Ägyptens Führung demonstriert weiterhin ihre Macht, mit Massenfestnahmen und Grosseinsätzen gegen oppositionelle Islamisten. Die Regierung sieht sich im Krieg gegen den Extremismus und kündigte Härte an. Sie erwägt auch ein erneutes Verbot der Muslimbruderschaft.
Armeechef Abdel Fattah al-Sisi machte klar, dass das Militär weiterhin hart gegen «gewaltbereite Islamisten» vorgehen wolle. Sein Land werde sich nicht der Gewalt beugen, sagte al-Sisi am Sonntag bei Beratungen mit den wichtigsten Armee- und Polizeivertretern. «Wir werden niemals schweigend der Zerstörung des Landes zusehen», sagte er weiter. Die Muslimbrüder sollten ihren Protest aufgeben und sich wieder am politischen Prozess beteiligen.
In der Regierung gibt es aber auch einzelne Stimmen, die nach dem Tod Hunderter Mursi-Anhänger versöhnliche Töne anklingen lassen. Vize-Ministerpräsident Siad Bahaa Al-Din forderte die sofortige Aufhebung des Notstandes. Alle Parteien sollten für eine Konfliktlösung einbezogen und die Menschenrechte geachtet werden.

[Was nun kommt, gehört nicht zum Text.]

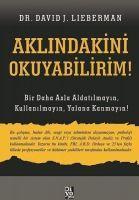 Vorderes Coverbild Aklindakini Okuyabilirim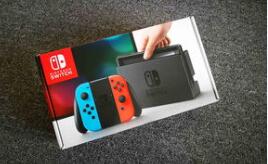 任天堂将于情人节举办直面会，着重介绍Switch新作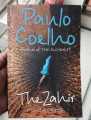 The Zahir: A Novel of Obsession by Paulo Coelho - Premium - Paperback. 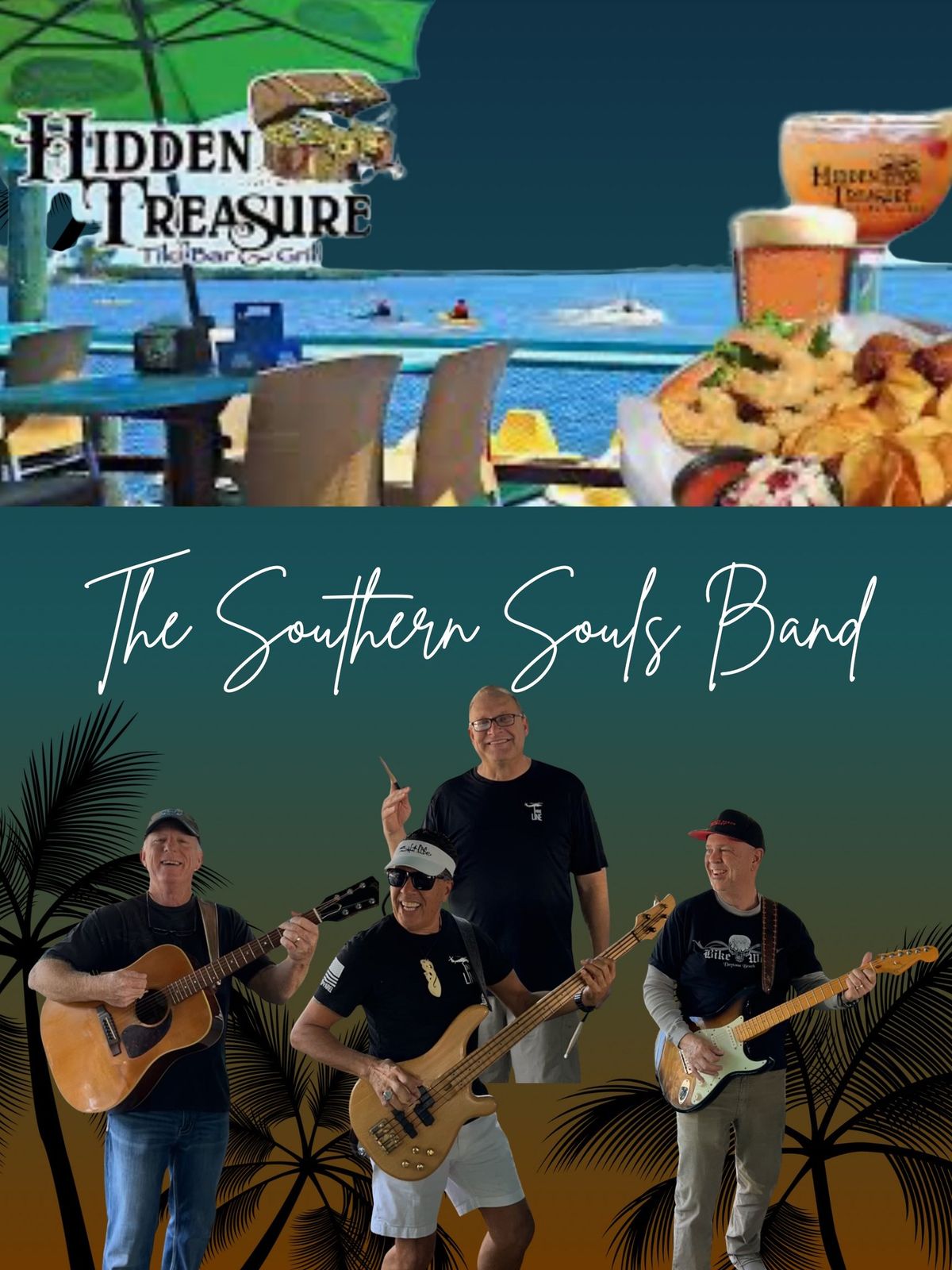 The Southern Souls Band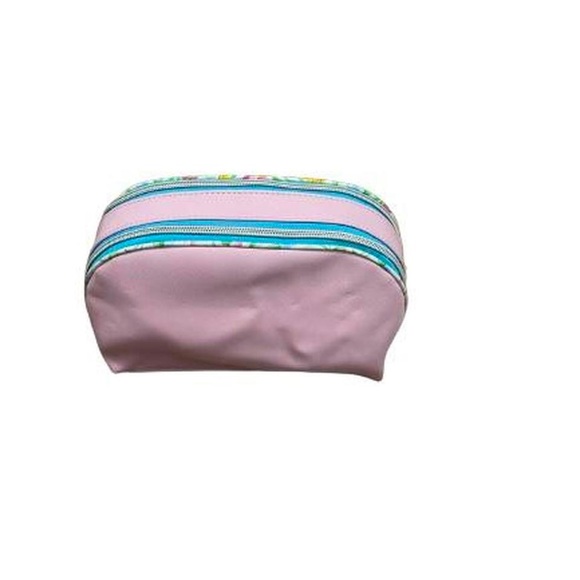 CUTE PINK COSMETIC BAG SET! - Picture 3 of 4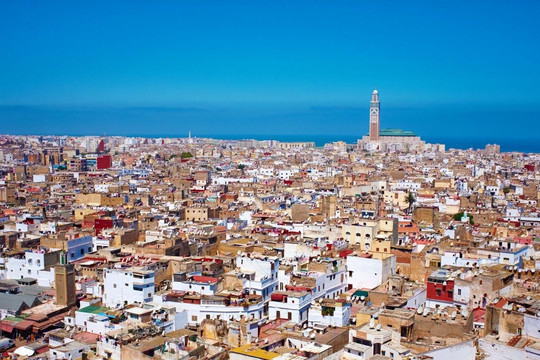 Sahara Gate Travel-索维拉必去景点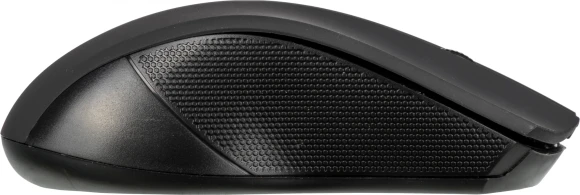 Мышь Оклик 615MW черный оптическая 1200dpi беспров. USB для ноутбука 3but (412852) Мышь Оклик 615MW черный оптическая 1200dpi беспров. USB для ноутбука 3but (412852)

Es war unklar, wie viel Unterstützung der liberale Politiker im Kabinett für seinen Vorstoss finden wird. Im Gegensatz zum gleichfalls liberalen Vizepräsidenten Mohamed El-Baradei war Bahaa al-Din nach der Zwangsräumung der Protestcamps von vergangener Woche im Amt geblieben.
«Krieg gegen Extremismus»
Angesichts der über 1000 Festnahmen von Muslimbrüdern und der mit einer Schiesserei verbundenen Räumung einer Moschee im Zentrum Kairos dürfte sich eher die harte Linie von Ministerpräsident Hasem Al-Beblawi durchsetzen. Er war es auch, der ein erneutes Verbot der Muslimbruderschaft ins Gespräch brachte.
Präsidentenberater Mostafa Hegasi sieht das bevölkerungsreichste arabische Land im Krieg gegen den Extremismus. Die Behörden ermitteln gegen 250 Anhänger Mursis wegen Mordes.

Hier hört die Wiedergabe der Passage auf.